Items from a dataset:
___
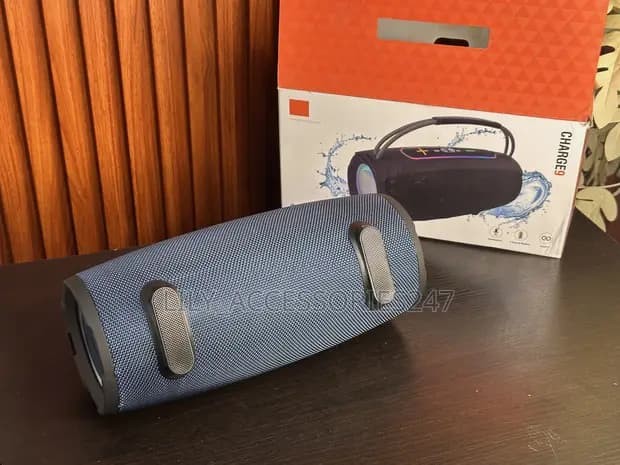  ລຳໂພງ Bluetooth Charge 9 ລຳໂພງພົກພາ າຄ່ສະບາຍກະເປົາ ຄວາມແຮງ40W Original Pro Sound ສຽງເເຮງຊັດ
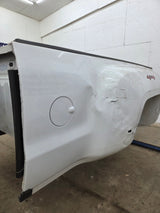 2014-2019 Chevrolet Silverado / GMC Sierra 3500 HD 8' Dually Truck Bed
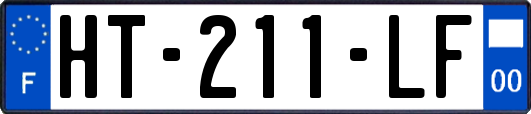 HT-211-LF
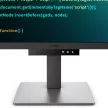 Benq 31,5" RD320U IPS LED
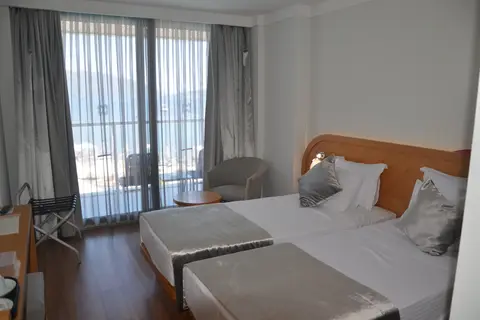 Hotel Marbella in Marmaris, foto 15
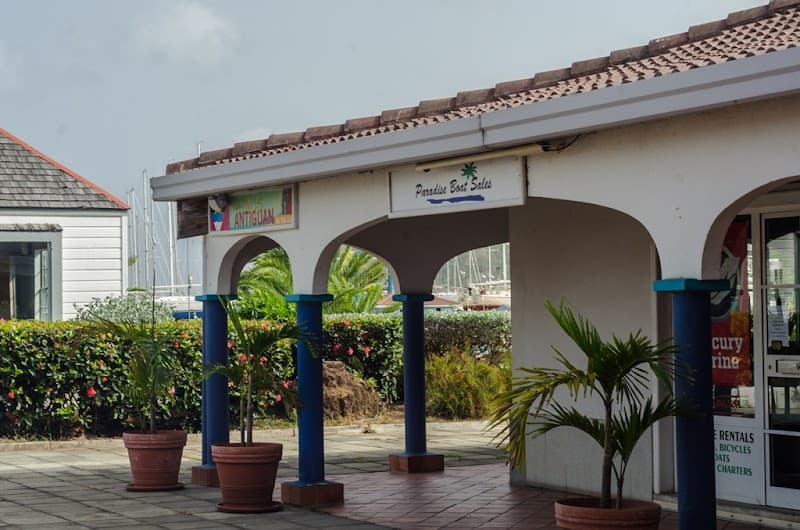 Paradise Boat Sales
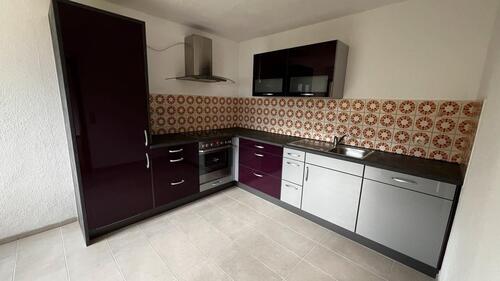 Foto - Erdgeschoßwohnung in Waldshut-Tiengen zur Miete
___
- _Task item_
The lines from the one containing "RD320U IPS LED" through the last line of the data above are to be transcribed exactly, both included, with all pictures left out.

- _Solved exercise_
 Benq 31,5" RD320U IPS LED
 Hotel Marbella in Marmaris, foto 15
 Paradise Boat Sales
 Foto - Erdgeschoßwohnung in Waldshut-Tiengen zur Miete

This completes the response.